Caméra de surveillance d'une banque, un homme en imper entre dans le champ, attend quelques longues secondes et se met à dézinguer son entourage au shotgun avant de repartir avec un petit magot au volant de sa Ferrari. Il fonce dans la ville sous les balles qui fusent et l'auto radio qui crache des accords de guitare électrique, détruit une demie douzaines de caisses de police avant de s'exploser lourdement sur un barrage, le corps criblé de balles et le volant en pleine tronche. Il se relève, fait face au flic et les salue d'un large sourire avant de se faire blaster la face. Cette scène déboîte. Impossible de décrocher après ça.

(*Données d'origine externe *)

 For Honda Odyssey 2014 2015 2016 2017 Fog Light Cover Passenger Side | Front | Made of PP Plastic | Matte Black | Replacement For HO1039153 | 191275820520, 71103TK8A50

Ça enchaîne direct, et le corps trucidé et brûlé du fou à lier se réveille sur son lit d’hôpital, se lève sans effort et fixe son voisin de chambre du regard avant de dégobiller une larve géante aux allures de gastéropode tentaculaire dans la bouche de l'infortuné inconscient avant de prendre possession de ce nouveau corps, laissant son ancienne enveloppe cramoisie sur le sol comme la coquille brisée d'un putain de Bernard Lermitte mutant. C'est extrêmement bien foutu, minimaliste et efficace.

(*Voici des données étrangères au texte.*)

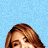 A 3x2 contact sheet of pixelated character frames from an animated icon featuring a woman with brown hair and a bearded man, with pink text reading "THE LOVE GURU" on the right side against a light blue background.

S'en suit une course poursuite entre un flic désabusé et un brin perdu, un agent du FBI froid, mystérieux et presque robotique et l'alien changeant de corps comme de chemise, tuant tout ce qui barre sa route au son du hard rock et du vrombissement des Ferrari dont il raffole. La déambulation effréné dans la ville arachnéenne est superbement bien menée et les atmosphères s’enchaînent de scènes en scènes sur une ambiance sonore tout à fait réussie dans cet espèce de rejeton bâtard et inconnu de Terminator et de The Thing, version punchy et débridée du Météore de la Nuit de Jack Arnold.

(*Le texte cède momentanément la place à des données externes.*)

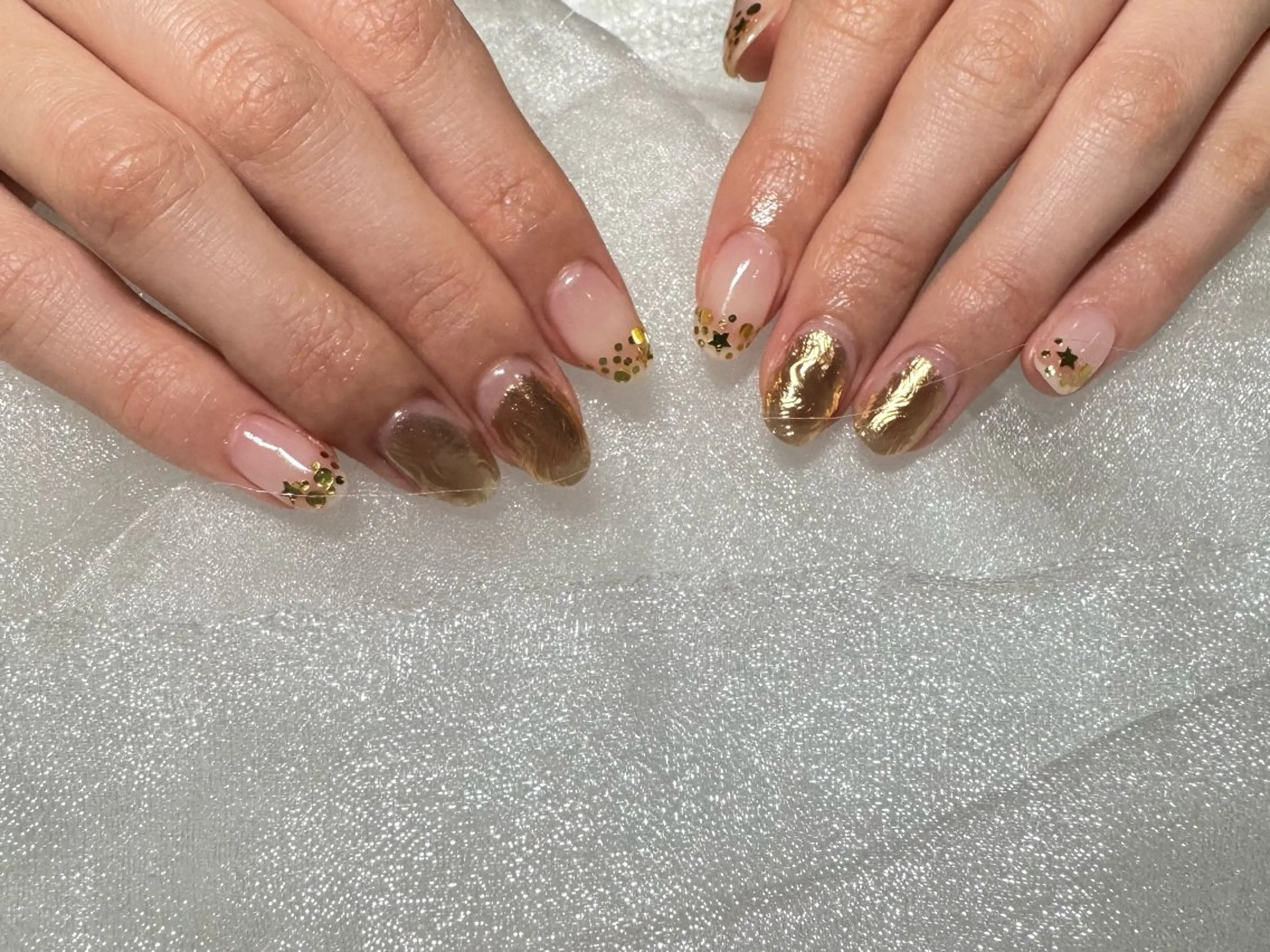 ネイル ハンドネイル mizuki 🎀のネイルデザイン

Encore une fois, putain que ça fait du bien. Surement que ma nostalgie joue un peu sur l'ensemble mais c'est sans la moindre hésitation que je recommande ce film. Il n'est pas assez connu, matez le. Il n'y a pas que les films muets expressionnistes dans la vie, il n'y a pas que les trains qui entrent en gare ou les tuyaux d'arrosoir fous, le burlesque jovial ou le cinéma de propagande russe, les fresques japonaises de 4 heures et les péplums de 6, les kung fu hyperactifs avec boules de feu et les space opéras avec sabres lasers, les petites sirènes et les lionceaux, les dinosaures en carton ou la mythologie en bouillie numérique, les films de vampires dans des lycées option biologie et les westerns spaghetti. Y a Hidden aussi.